Capitally Curious

Ent
The rustic lanes of Old Delhi, student union elections at Delhi University, upscale neighbourhood of South Delhi and the vibrant West Delhi are now familiar to the global audience, thanks to Bollywood. It has been years since the Capital has been attracting filmmakers, providing them with a visually and contextually rich landscape.

But now, it is time for a new wave. It's not just the biggies but also young indie filmmakers who are enchanted by Delhi. "It is the vibe of the city, the culture and the people," says documentary filmmaker Spandan Banerjee, who is coming up with three short films and fiction films with characters based in Delhi. The first to release will be the short film To Let, which talks about the woes of tenants in Delhi. "Delhi is my studio and Mumbai is my workplace. People like Amol Palekar and Farooq Sheikh have showcased Delhi earlier. So, I would not say that indie filmmakers have suddenly discovered Delhi. I'd say that they have become more experimental," says Banerjee.
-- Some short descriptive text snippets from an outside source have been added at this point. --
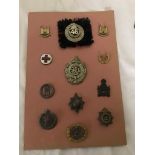 A board of 12 cap badges to inc maker marked officers: Coldstream Guards
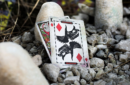 Httpswww magicshop chmediacatalogproductsisimple cardsjurassic 8 png
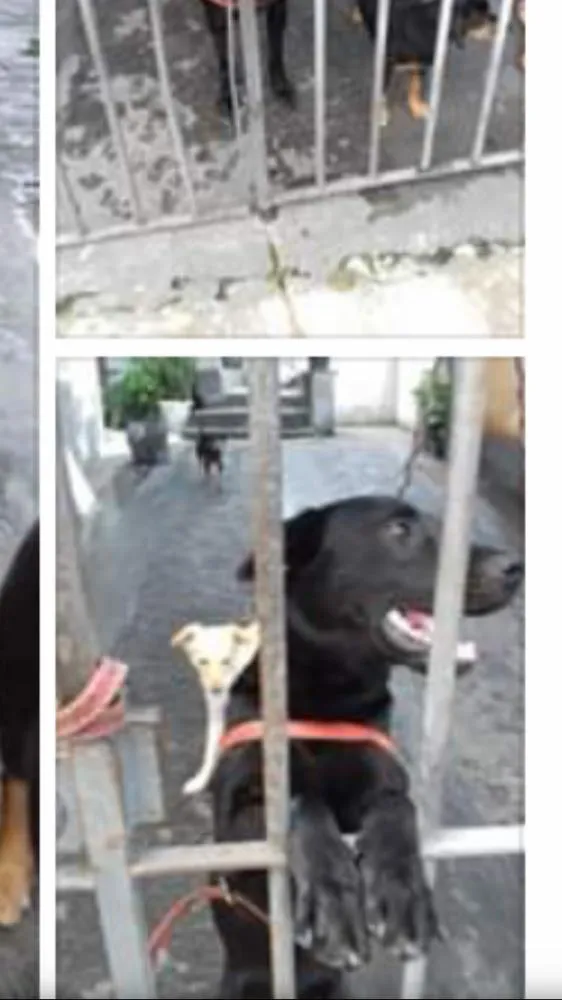 Cachorro ra a Srd idade 2 anos nome Felipe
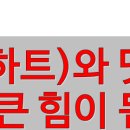 마이메그 이미지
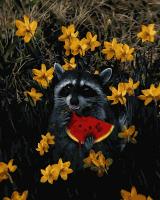 Opakowanie Malowanie po numerach  Szop i arbuz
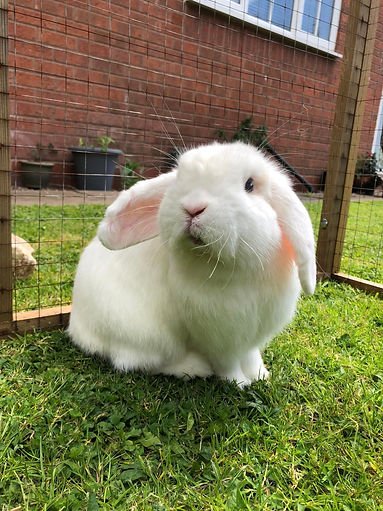 HOME | Bunny Angels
His belief seems to be shared by several others. If big names in the independent film industry such as Vani Subramanian and Paromita Vohra are known to be fascinated by Delhi, Rintu Thomas and Sushmit Ghosh's film Dilli (2011) projected the stark comparison between the modernised and revamped Capital and thousands who are left homeless. "In the earlier days, documentaries were usually commissioned by Doordarshan or the government, and since the ministries are based in Delhi, more projects were sanctioned here," notes Banerjee, pointing out that one of the first cult independent movies in the '80s, In Which Annie Gives It Those Ones, based in the School of Planning and Architecture — starring Arundhati Roy, Roshan Seth and Shah Rukh Khan — was showcased on Doordarshan.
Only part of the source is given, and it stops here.